These patients did not want to undergo any further diagnostic investigations or release any additional information. Indirect information obtained through the treating physician suggests a high probability that they may have developed cancer.
The first direct and intuitive consideration is that 11 cases out of 100,685 are an extremely small fraction to attribute relevance to NIPT. However, in Italy and most European countries, millions of pregnant women undergo this procedure each year, either by personal choice or because they belong to one of the high-risk categories. This means that hundreds of similar situations could be identified each year.
Four women presented with a positive NIPT test result, without any other diagnostic evidence (amniocentesis and CVS) of chromosomal aberrations, and gave birth to a completely normal newborn and did not develop cancer. However, the immediate repetition of these tests has resulted in positive NIPT once again. In these cases, anxiety and a significant cost to the healthcare system can be triggered, as these patients have undergone unnecessary checks. Genetic mosaicism cannot be ruled out; however, these positive tests could be related to a dynamic and transitory phenomenon. It could be the result of contamination by tumor DNA during a phase of elimination of tumor cells by the immune system (“immunological surveillance”). This report does not provide specific experimental data on this issue. However, we can leverage the advantage of having a biobank that preserves plasma samples from the women included in this study. We are using this resource to explore these cases in detail aiming to distinguish fetal DNA from circulating tumor DNA with greater precision (a patent currently under development cannot be disclosed) and to assess the presence of an anti-tumor immune response. The study is ongoing.

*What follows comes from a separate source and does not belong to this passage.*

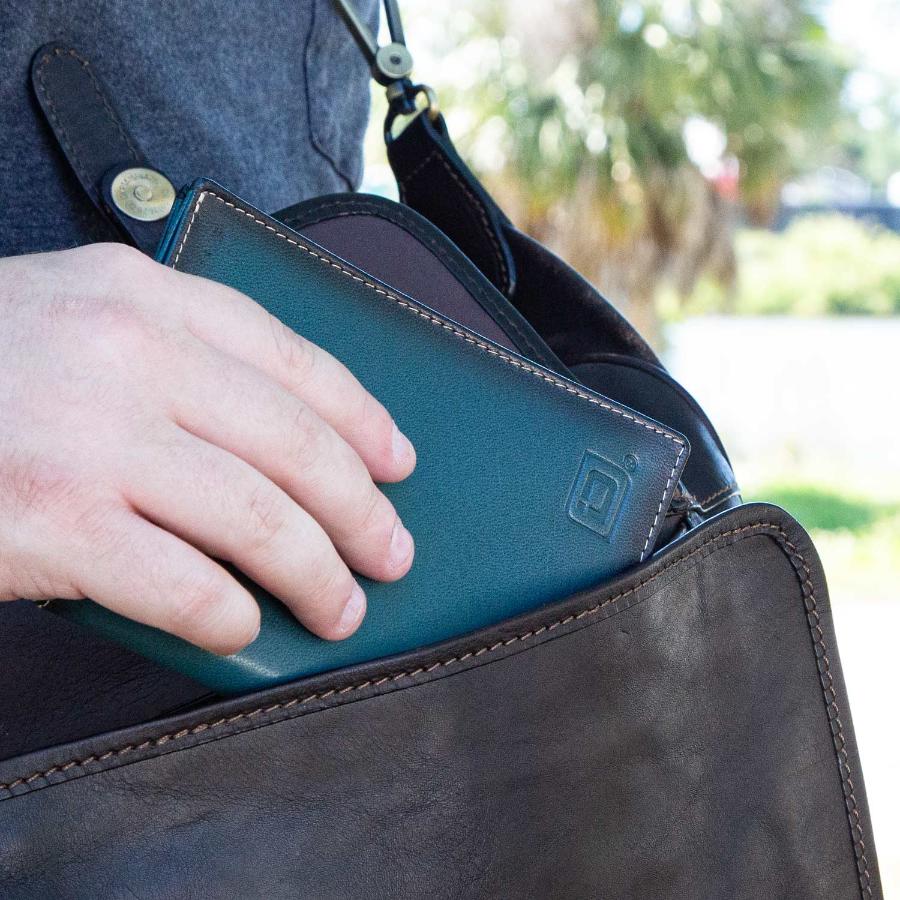 RFID Blocking Leather Passport Wallet in a travel bag pocket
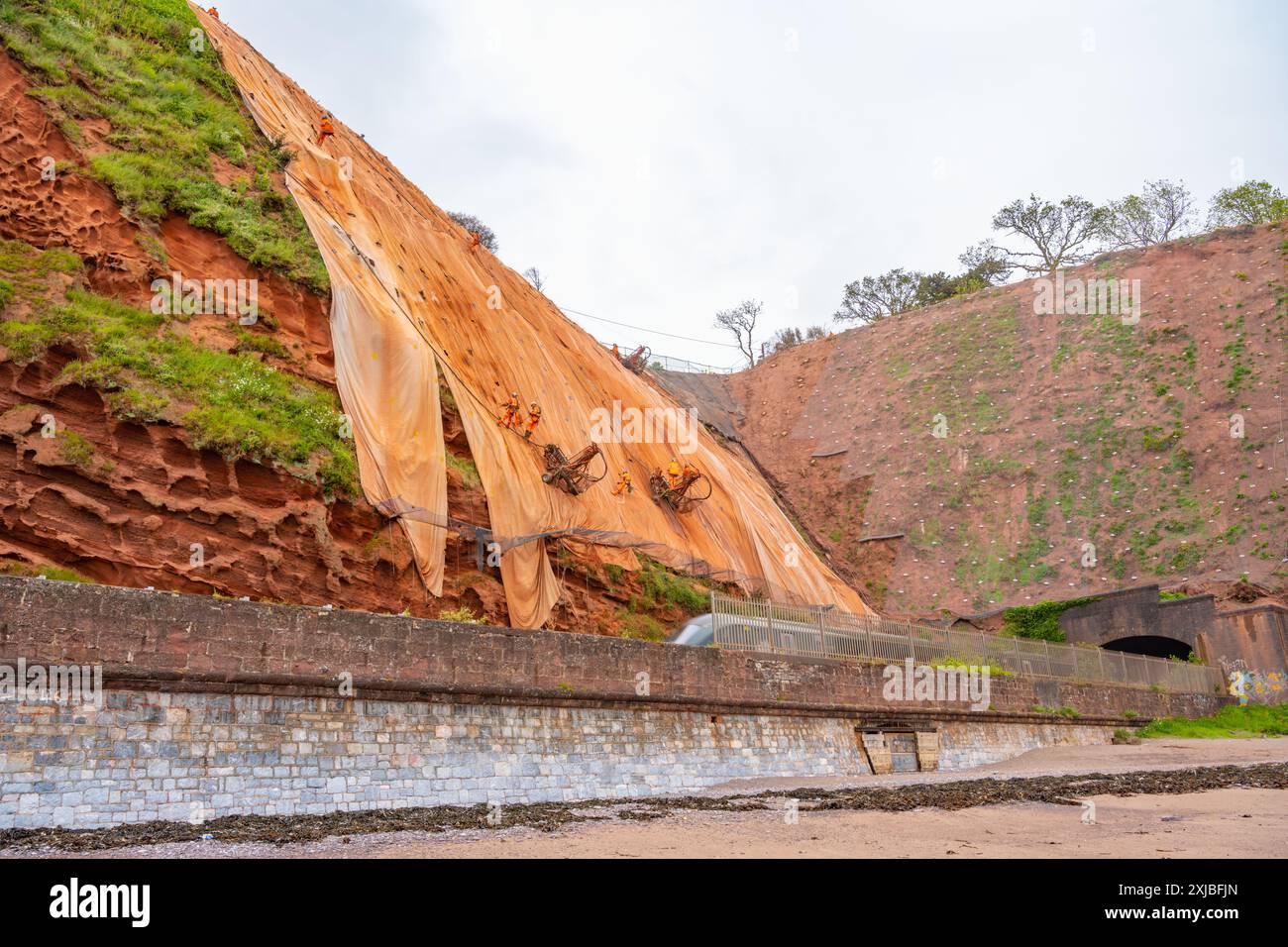 Train sur la ligne de chemin de fer entre Dawlish et Teignmouth Devon, en passant sous les travaux pour stabiliser les falaises de grès Banque D'Images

There are many ethical questions, and the subject matter is delicate and rich in opportunities for reflection and repercussions in terms of psychology and privacy issues. In fact, from a psychological point of view, in our experience, in some cases, communicating a positive NIPT result alongside the negativity of other diagnostic tests has generated a strong reaction of flight and anger, especially in women in a lower socioeconomic and cultural context. Unfortunately, we do not have the authorization to provide information on clinical events following delivery for these patients. Genetic counseling in this scenario should be integrated with psychological counseling to manage patients' reactions.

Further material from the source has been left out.